The room was in darkness, save for the tiny silver lamp burning before the picture of the Madonna. The Trauttenberg had found her lying insensible, and with Henriette’s aid had restored her to consciousness and put her to bed. Then the Countess had gone along to the Crown Prince and told him that his wife had been seized with a fainting fit, and was indisposed.

And the three guests, when he told them, exchanged significant glances, and were silent.

In the darkness, with the moonlight falling across the room, the Princess, in her white silk dressing-gown, sat staring straight before her out upon the fairy-like scene presented below. No word escaped her pale lips, yet she shuddered, and drew her laces about her as though she were chilled.

She was recalling those hard words of her husband’s which she had overheard—the words that revealed to her the ghastly truth. If ever she had suffered during her married life, she suffered at that moment. It was cruel, unjust, dastardly. Was there no love or justice for her?

The truth was a ghastly one. Those three strangers whom her husband had introduced to her table as guests were doctors, two from Berlin and the third from Cologne—specialists in mental disease. They had come there for the purpose of adding their testimony and certificates to that of Veltman, the crafty, thin-nosed Court physician, to declare that she was insane!

What fees were promised those men, or how that plot had been matured, she could only imagine. Yet the grim fact remained that her enemies, with the old King and her husband at their head, intended to confine her in an asylum.

She had heard her husband himself suggest that on the morrow they should meet Veltman, a white-bearded, bald-headed old charlatan whom she detested, and add their testimony to his that she was not responsible for her actions. Could anything be more cold-blooded, more absolutely outrageous? Those words of her husband showed her plainly that in his heart there now remained not one single spark either of affection or of sentiment. He was anxious, at all hazards and at whatever cost, by fair means or foul, to rid himself of her.
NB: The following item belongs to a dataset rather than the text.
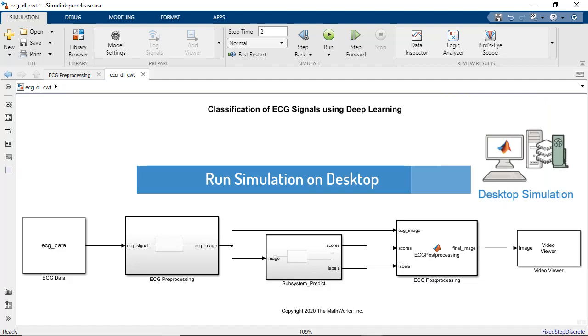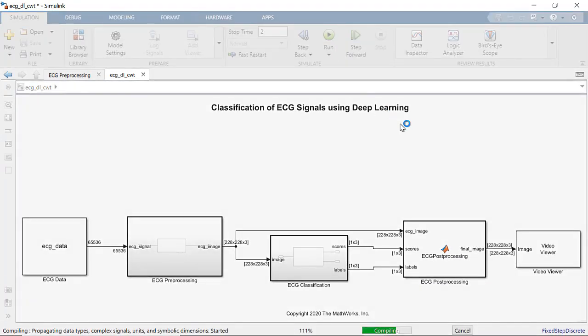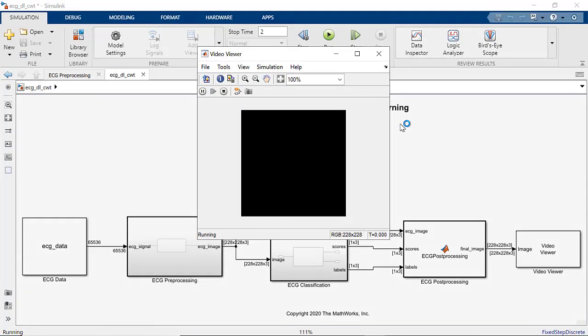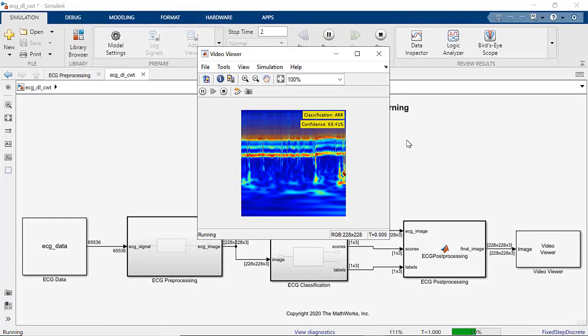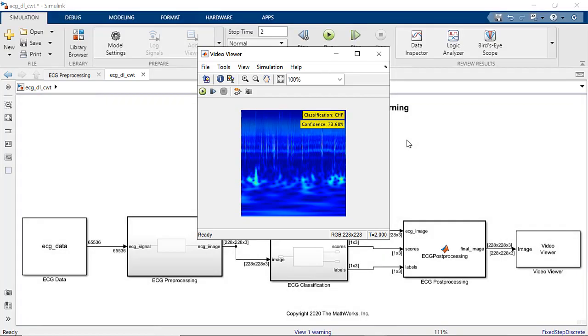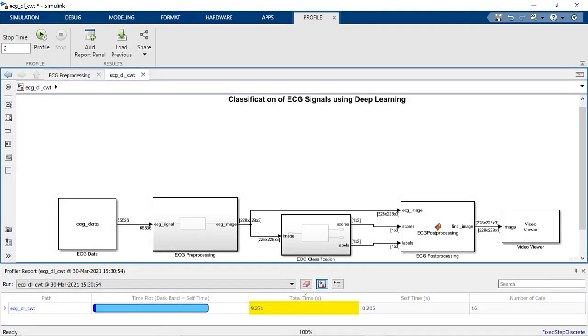Let's go ahead and start the simulation. We are currently running the simulation on the CPU and we can see that SqueezeNet is able to classify the ECG data and show the confidence scores. Execution time is about 9.2 seconds.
Her enemies were now playing their trump card. They had no doubt bribed those three men to certify what was a direct untruth. A royal sovereign can, alas I command the services of any one; for everybody, more or less, likes to render to royalty a service in the hope of decoration or of substantial reward. Most men are at heart place-seekers. Men who are most honest and upright in their daily lives will not hesitate to perjure themselves, or “stretch a point” as they would doubtless put it, where royalty is concerned.

Gazing out into the brilliant moonlight mirrored upon the smooth surface of the lake, she calmly reviewed the situation.

She was in grave peril—so grave, indeed, that she was now utterly bewildered as to what her next step should be. Once certified as a lunatic and shut up in an asylum somewhere away in the heart of the country, all hope of the future would be cut off. She would be entirely at the mercy of those who so persistently and unscrupulously sought her end. Having failed in their other plot against, her, they intended to consign her to a living tomb.